## [Task prompt]
Strip the pictures and reproduce the rest of the listing exactly.

## [Supplied information]
- - - - - - -
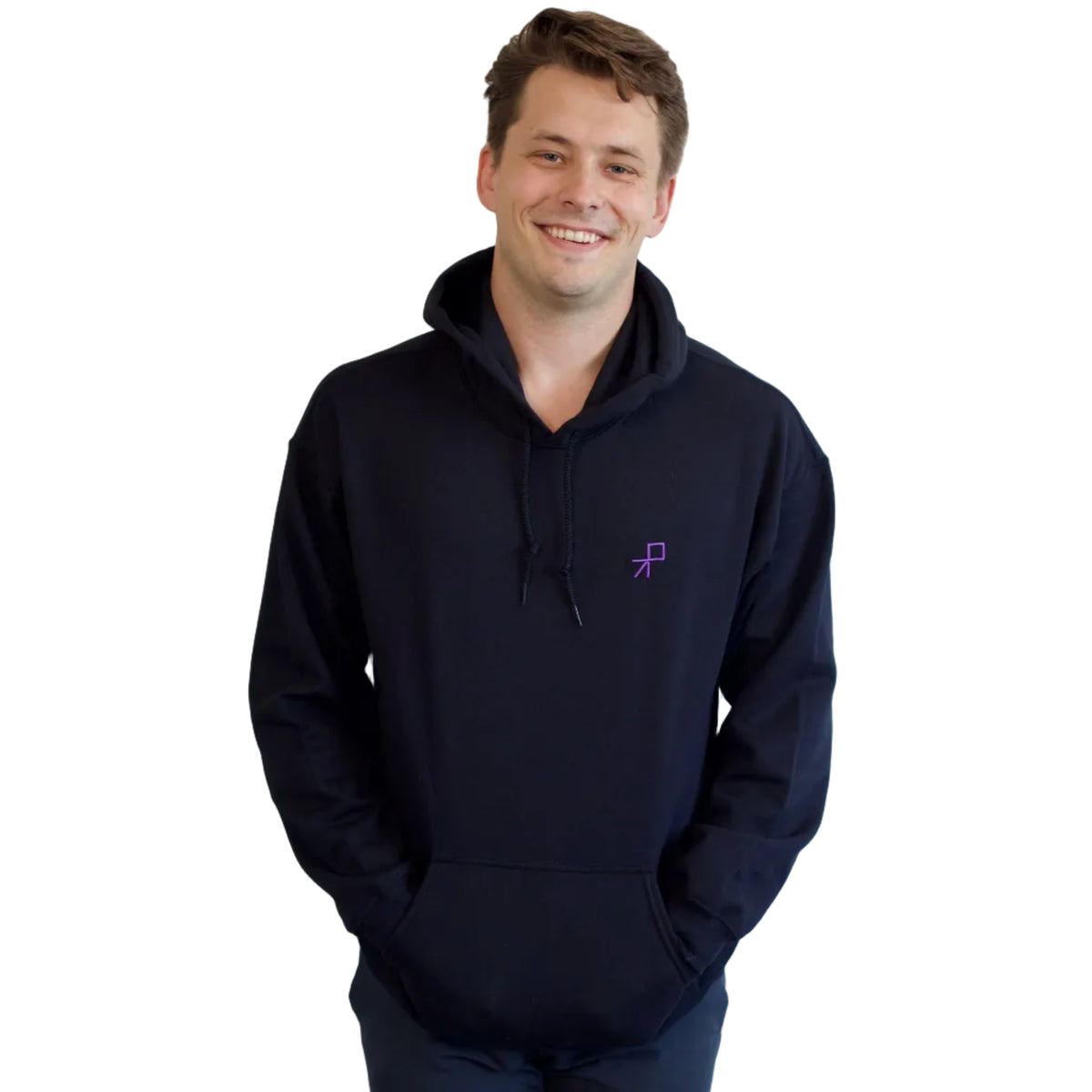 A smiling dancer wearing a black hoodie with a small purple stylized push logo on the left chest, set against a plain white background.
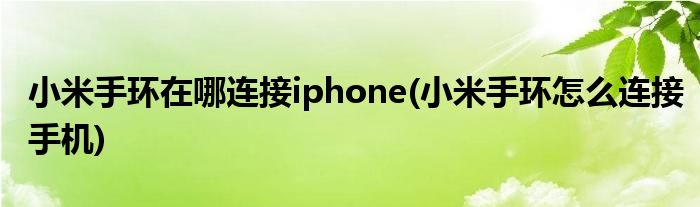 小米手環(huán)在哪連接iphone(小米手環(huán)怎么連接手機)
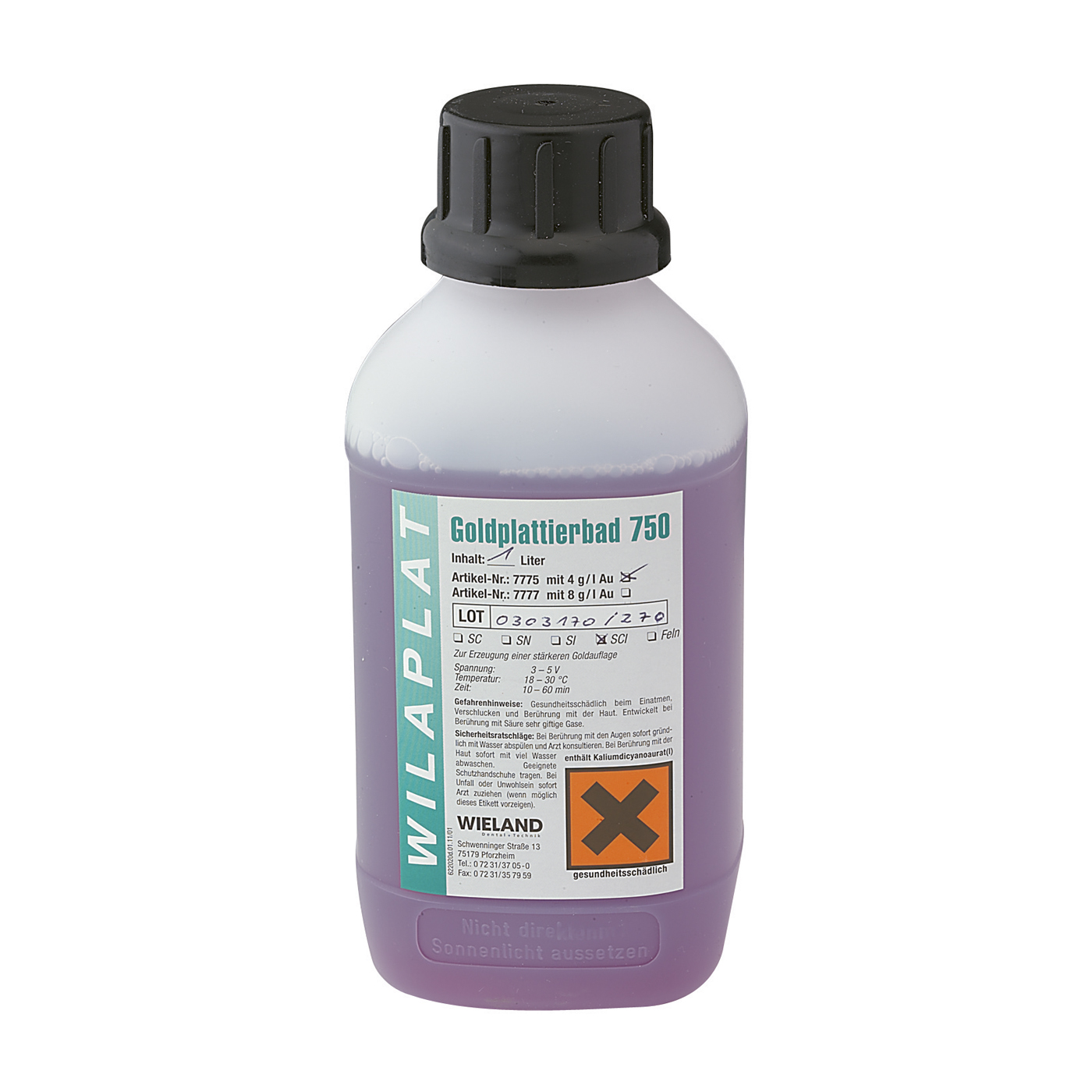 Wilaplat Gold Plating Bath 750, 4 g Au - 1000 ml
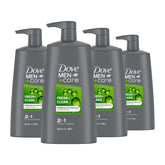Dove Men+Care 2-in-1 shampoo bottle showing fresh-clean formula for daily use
- - - - - - -
## [Solution for this problem]
 A smiling dancer wearing a black hoodie with a small purple stylized push logo on the left chest, set against a plain white background.
 小米手環(huán)在哪連接iphone(小米手環(huán)怎么連接手機)
 Wilaplat Gold Plating Bath 750, 4 g Au - 1000 ml
Dove Men+Care 2-in-1 shampoo bottle showing fresh-clean formula for daily use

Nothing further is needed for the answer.